Calvin going berserk at simpson's point. |
10.12.2021
getting lost and forgetting
it has been seventeen days since calvin's last grand mal. equal to a stint in early march. closing in on a longer stretch last december. i wish my worry decreased along with his seizures, but i'm always on guard waiting for the proverbial shoe to drop. spending time in the garden and out and about helps me in getting lost and forgetting. it's good to try and focus on anything but my son and his wretched condition—birdwatching, watering, pruning a little, jogging, writing. anything that takes me places besides the stress of a disabled, chronically ill son.
the weather in october and september has been glorious. days on end in the low seventies. clear blue skies and gorgeous autumn foliage. this morning, i ran another of several 5Ks since my knee pain abated (i started too hard.) these days, i take it relatively easy. it feels good. running is so much more pleasant than swimming indoors. nice to look around at the world instead of at stripes on the bottom of a pool. and, i don't smell like chlorine all day long. it's nice to see friends. greet and wave to strangers. watch the landscape changing with the seasons. i can feel my lungs and thighs, glutes and calves getting stronger. when i melt a little more of this middle i hope to feet light and lithe like i used to. shouldn't take much doing. i'm lucky my body is still responsive.
early yesterday was perfect for a drive. calvin was home from school for the indigenous people's day holiday, so we took our usual ride. we ran into the carhart dog-walker whose name is john. we slowed to a stop and visited for a bit. he told me about his job and about the gorgeous flowering plants he is tending in his front yard, which are chock full of purplish blossoms, and then we said so long.
a mile or two down the road i saw a new friend i recently met. she's one of the regulars i've seen on my back roads car rides. her name is lorel and she does a lot of walking. i pulled to the shoulder and rolled down the windows so she could meet calvin and smellie. in the back seat, calvin was going a little berserk, but she didn't seemed fazed at all. probably in her seventies, she's fit and spunky, clad in leggings, an oversized sweater or jacket, nappy hat and colorful knit gloves. she told me of her violin playing and offered me some homemade pesto; i sense she makes it in bulk from basil she grows. i may have to take her up on it!

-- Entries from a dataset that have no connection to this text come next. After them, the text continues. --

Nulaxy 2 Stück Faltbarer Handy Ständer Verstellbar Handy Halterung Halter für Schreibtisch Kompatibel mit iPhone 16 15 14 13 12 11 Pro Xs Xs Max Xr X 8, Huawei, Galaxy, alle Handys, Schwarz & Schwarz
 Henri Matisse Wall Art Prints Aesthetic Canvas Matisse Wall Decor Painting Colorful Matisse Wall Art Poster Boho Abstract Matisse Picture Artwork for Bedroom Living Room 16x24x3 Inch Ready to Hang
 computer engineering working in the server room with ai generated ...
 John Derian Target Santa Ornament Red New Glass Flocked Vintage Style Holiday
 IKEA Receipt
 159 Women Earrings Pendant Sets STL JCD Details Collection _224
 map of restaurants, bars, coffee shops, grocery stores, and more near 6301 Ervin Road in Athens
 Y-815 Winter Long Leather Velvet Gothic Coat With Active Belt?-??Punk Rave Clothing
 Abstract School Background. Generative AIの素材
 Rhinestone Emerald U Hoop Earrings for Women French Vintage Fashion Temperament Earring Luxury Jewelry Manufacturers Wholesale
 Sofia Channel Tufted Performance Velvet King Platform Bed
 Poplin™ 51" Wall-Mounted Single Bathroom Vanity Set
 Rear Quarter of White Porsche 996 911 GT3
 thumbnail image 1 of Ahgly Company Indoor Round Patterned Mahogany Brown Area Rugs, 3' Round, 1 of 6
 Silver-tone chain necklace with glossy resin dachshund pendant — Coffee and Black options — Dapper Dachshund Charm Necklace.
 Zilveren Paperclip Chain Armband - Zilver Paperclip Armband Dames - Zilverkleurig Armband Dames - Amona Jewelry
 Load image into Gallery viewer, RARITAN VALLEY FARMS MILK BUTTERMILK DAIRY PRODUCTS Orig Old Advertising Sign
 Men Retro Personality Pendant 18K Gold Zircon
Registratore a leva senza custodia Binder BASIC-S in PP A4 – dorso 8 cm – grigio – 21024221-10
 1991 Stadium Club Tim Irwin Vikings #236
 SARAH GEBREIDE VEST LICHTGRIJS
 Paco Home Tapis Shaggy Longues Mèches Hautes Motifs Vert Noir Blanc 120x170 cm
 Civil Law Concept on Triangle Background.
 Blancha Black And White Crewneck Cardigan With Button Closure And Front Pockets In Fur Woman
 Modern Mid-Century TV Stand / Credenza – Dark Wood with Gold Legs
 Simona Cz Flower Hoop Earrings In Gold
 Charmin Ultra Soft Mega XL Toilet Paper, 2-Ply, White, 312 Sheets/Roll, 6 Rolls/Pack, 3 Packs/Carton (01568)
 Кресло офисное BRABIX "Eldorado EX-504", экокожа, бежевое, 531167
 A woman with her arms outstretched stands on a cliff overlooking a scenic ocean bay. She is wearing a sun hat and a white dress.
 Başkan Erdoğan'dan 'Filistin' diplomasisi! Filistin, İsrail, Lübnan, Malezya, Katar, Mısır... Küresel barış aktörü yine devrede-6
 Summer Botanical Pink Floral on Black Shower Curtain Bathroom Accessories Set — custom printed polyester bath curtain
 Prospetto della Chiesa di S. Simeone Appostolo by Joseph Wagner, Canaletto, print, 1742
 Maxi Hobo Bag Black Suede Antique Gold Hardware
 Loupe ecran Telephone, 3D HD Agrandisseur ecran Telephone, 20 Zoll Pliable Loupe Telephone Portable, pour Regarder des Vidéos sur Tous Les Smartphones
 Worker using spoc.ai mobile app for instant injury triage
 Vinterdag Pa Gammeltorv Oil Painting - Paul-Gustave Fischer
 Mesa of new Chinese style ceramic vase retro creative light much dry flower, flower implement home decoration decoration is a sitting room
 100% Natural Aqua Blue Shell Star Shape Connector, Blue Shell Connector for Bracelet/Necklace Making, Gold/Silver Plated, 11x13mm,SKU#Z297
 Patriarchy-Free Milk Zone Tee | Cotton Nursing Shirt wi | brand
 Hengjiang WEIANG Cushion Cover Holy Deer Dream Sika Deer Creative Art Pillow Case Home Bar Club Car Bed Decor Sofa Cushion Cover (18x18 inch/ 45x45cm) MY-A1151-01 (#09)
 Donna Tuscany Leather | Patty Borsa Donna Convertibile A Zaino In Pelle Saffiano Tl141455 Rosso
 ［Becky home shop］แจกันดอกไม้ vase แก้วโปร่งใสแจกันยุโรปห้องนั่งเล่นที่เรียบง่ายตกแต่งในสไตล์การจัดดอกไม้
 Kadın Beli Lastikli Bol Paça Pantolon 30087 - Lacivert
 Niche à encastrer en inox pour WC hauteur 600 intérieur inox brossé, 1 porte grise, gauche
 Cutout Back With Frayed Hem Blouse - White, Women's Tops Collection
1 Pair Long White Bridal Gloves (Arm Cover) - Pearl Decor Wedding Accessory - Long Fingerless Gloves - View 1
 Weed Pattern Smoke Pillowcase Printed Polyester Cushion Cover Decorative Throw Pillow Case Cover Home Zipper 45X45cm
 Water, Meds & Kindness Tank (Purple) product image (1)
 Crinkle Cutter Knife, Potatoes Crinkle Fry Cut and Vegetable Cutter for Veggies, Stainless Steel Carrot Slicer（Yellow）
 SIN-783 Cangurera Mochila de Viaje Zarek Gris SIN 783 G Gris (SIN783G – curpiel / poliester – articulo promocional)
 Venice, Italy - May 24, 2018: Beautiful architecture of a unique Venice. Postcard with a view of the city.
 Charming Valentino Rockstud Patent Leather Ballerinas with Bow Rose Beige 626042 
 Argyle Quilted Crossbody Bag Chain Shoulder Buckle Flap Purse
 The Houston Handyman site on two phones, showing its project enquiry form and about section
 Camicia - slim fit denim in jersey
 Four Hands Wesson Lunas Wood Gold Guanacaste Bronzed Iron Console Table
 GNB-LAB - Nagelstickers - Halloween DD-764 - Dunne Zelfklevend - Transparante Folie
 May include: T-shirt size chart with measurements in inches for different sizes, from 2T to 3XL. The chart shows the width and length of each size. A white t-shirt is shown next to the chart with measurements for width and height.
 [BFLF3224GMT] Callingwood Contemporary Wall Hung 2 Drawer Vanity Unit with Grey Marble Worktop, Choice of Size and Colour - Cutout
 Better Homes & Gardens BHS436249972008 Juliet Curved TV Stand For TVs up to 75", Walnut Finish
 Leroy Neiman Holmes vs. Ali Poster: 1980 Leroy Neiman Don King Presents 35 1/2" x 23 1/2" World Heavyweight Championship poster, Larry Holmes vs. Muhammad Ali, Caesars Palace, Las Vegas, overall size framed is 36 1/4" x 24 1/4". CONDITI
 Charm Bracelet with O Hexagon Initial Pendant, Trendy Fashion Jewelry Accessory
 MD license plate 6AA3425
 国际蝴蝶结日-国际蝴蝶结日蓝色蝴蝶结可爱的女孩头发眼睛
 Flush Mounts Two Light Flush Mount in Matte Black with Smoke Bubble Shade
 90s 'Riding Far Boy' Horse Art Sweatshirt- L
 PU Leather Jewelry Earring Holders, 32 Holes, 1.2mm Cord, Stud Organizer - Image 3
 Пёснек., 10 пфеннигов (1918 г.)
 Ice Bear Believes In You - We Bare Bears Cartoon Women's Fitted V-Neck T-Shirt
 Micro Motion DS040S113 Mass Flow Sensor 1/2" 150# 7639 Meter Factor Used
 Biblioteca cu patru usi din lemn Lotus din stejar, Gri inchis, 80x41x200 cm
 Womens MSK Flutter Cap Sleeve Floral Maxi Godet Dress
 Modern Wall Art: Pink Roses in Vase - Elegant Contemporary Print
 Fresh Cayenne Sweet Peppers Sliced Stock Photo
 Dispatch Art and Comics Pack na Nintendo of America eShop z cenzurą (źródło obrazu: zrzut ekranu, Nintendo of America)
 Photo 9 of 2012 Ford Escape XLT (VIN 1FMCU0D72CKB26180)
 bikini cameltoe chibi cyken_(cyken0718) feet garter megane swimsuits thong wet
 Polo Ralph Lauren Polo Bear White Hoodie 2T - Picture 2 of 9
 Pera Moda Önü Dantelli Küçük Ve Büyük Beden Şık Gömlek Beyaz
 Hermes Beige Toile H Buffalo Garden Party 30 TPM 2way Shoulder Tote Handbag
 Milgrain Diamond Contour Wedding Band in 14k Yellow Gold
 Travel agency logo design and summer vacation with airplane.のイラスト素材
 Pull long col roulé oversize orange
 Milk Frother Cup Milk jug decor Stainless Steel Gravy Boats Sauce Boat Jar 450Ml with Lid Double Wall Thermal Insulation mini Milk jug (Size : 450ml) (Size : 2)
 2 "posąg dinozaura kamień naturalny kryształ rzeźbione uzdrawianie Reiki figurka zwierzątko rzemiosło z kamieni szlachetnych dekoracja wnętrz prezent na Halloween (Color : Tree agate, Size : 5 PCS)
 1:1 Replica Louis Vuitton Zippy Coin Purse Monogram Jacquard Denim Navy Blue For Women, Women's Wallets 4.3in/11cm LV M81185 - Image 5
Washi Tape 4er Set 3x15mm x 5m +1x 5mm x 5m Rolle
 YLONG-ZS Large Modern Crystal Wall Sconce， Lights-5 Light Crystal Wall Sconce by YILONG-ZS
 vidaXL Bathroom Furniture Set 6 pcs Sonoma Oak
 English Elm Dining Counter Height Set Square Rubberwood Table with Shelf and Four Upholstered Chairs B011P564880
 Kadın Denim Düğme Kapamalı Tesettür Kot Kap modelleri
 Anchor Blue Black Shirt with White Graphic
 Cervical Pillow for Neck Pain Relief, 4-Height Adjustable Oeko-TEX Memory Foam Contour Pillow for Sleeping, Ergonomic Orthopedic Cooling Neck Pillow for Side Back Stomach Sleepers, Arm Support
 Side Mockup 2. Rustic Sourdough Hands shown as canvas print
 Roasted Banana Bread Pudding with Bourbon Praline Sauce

today, thankfully, calvin went to school again. he hasn't missed much this year. i put him on the bus around seven and he comes home just after two. today, i had enough time to walk smellie, run, eat a bowl of granola, install the bird bath my new friend and neighbor gave me, mow most of the lawn with our manual mower, shower, tend to email, and write a little—all good ways of getting lost and forgetting about my little enigma ... until he comes home.